Wenn der Kläger diese Regelung deshalb für ungerecht hält, weil er zwar die Einbaukosten (Beschaffungskosten) für den Saxomaten , nicht aber die Instandsetzungskosten erstattet erhält, so verkennt der Kläger, daß das Gericht nicht befugt ist, seine Prüfung auch daraufhin zu erstrecken, ob der Gesetz- oder Verordnungsgeber die unter Berücksichtigung aller Interessen zweckmäßigste Regelung getroffen hat. Es ist nicht Aufgabe des Gerichts, die vom Gesetz getroffene Lösung daraufhin zu überprüfen, ob sie vom Standpunkt eines Beteiligten auch die "gerechteste denkbare Lösung" darstellt (vgl.
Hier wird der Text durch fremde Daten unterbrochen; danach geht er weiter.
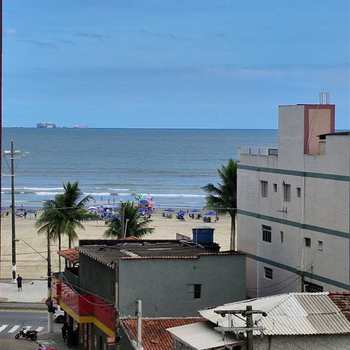 Apartamento em Praia Grande, bairro Guilhermina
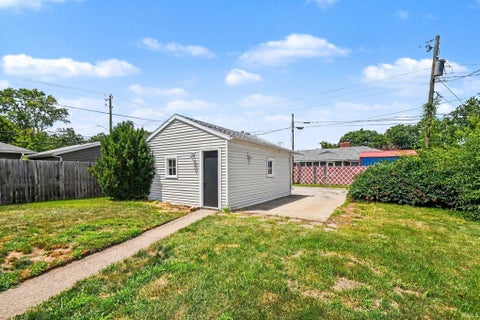 Tiny photo for 1534 Kilbourn Street, Elkhart, IN 46514 (MLS # 202629708)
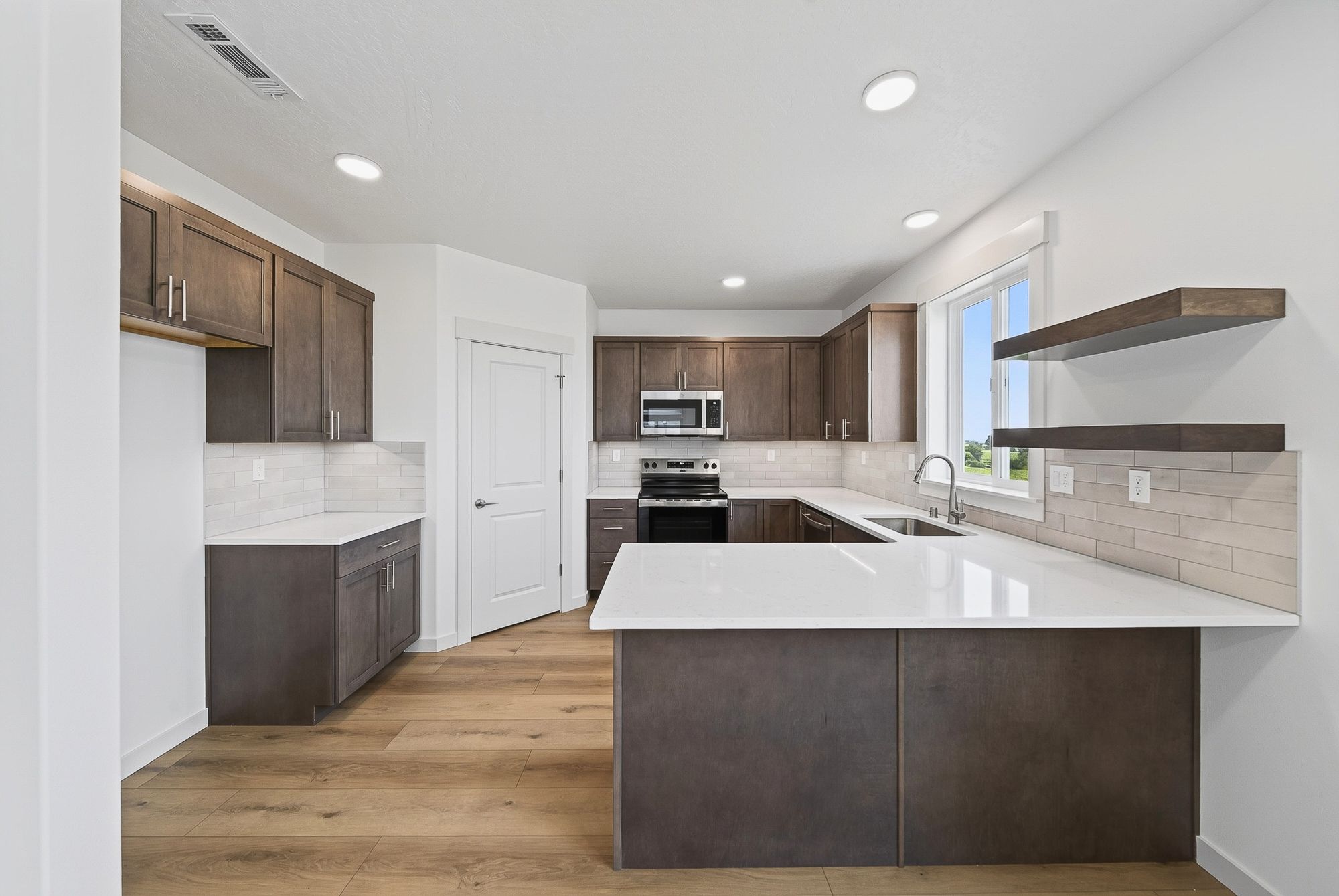 1601 SW Kelandren-12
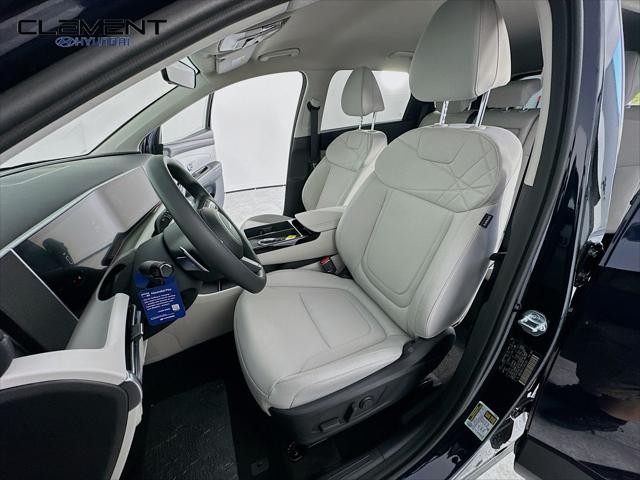 Hyundai Tucson Hybrid Vehicle Full-screen Gallery Image 25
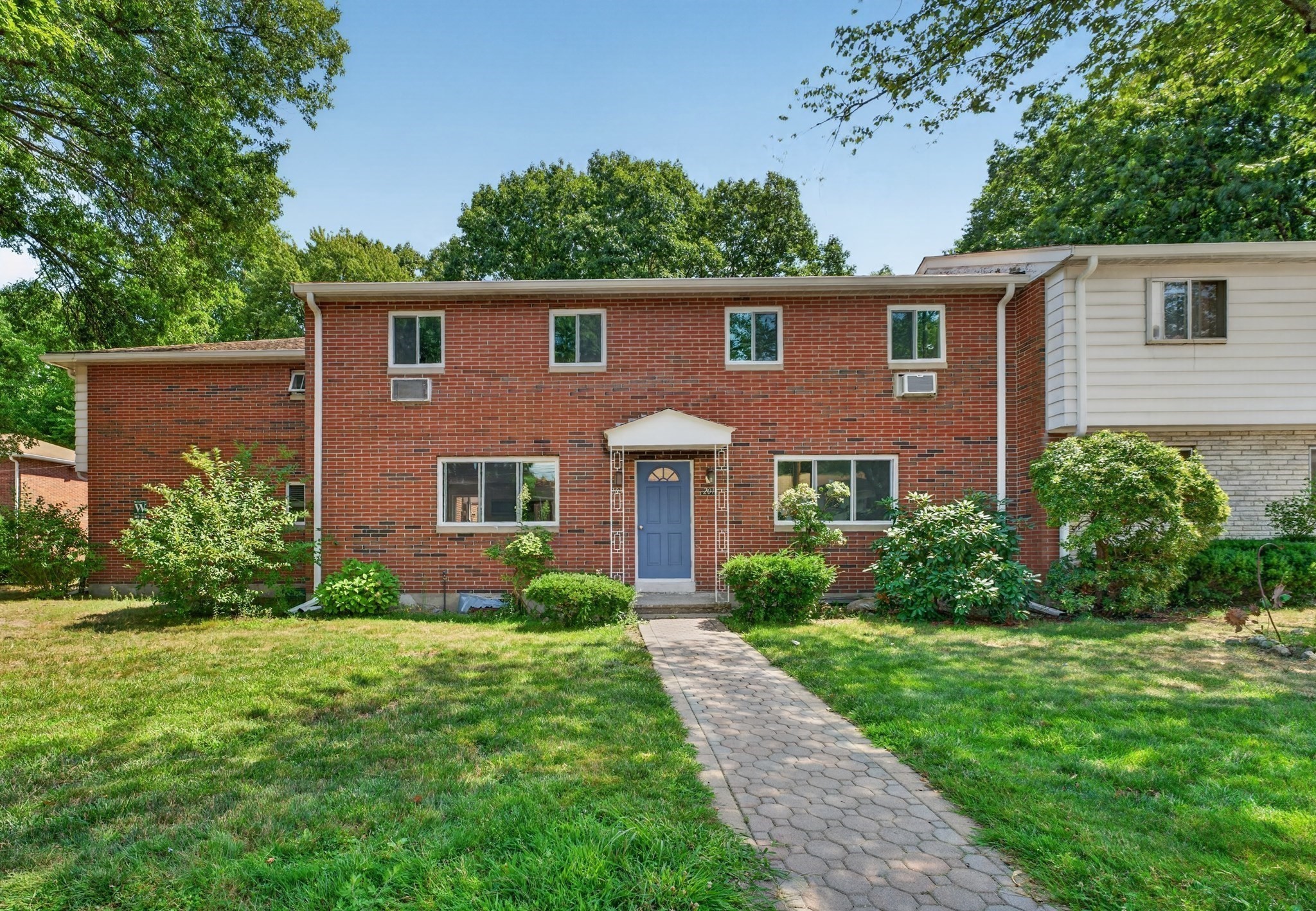 201 Bishop Drive Unit 201, Framingham, MA 01702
BSG vom 22. Oktober 1968, 9 RV 230/68; BVerfG Bd.2, 280; 4, 18 ff). Auch bei einer Rechtsverordnung sind die Gerichte nicht zu einer Änderung der ordnungsgemäß zustande gekommenen Normen befugt (vgl. BSG 23, 175; BVerfG Bd. 16 S. 338). Wenn der Verordnungsgeber in der aufgrund des 2. NOG erlassenen DVO zu § 13 BVG vom 30. Oktober 1964 (BGBl I 842) für vergleichbare Fälle eine günstigere Lösung getroffen und in § 5 Abs. 3 Ziff. 3 letzter Satz dieser DVO die Übernahme der Instandsetzungskosten für automatische Kupplungen "bis zur Höhe der üblicherweise für ein Zusatzgerät anfallenden Instandsetzungskosten" vorgesehen hat, so kann diese Regelung nicht bereits auf den Geltungsbereich der DVO idF vom 6. Juni 1961 übertragen werden, da der eindeutige Wortlaut dieser DVO einer "vorweggenommenen" Anwendung der DVO vom 30. Oktober 1964 entgegensteht. Der Gesetzgeber war auch nicht verpflichtet, Regelungen, die möglicherweise nach der DVO zu § 13 BVG idF vom 18. August 1956 gegolten hatten, unverändert in den Geltungsbereich des 1. NOG zu übernehmen oder spätere Verbesserungen mit rückwirkender Kraft auszustatten (vgl. Urteil des erkennenden Senats vom 8. März 1966 - 10 RV 708/65 -; s. auch Urteil BSG vom 21. Januar 1969 - 9 RV 94/66 -). Im übrigen hätte der Kläger auch unter der Geltung der DVO vom 30. Oktober 1964 nur einen geringen Teil der angefallenen Instandsetzungskosten erstattet erhalten können.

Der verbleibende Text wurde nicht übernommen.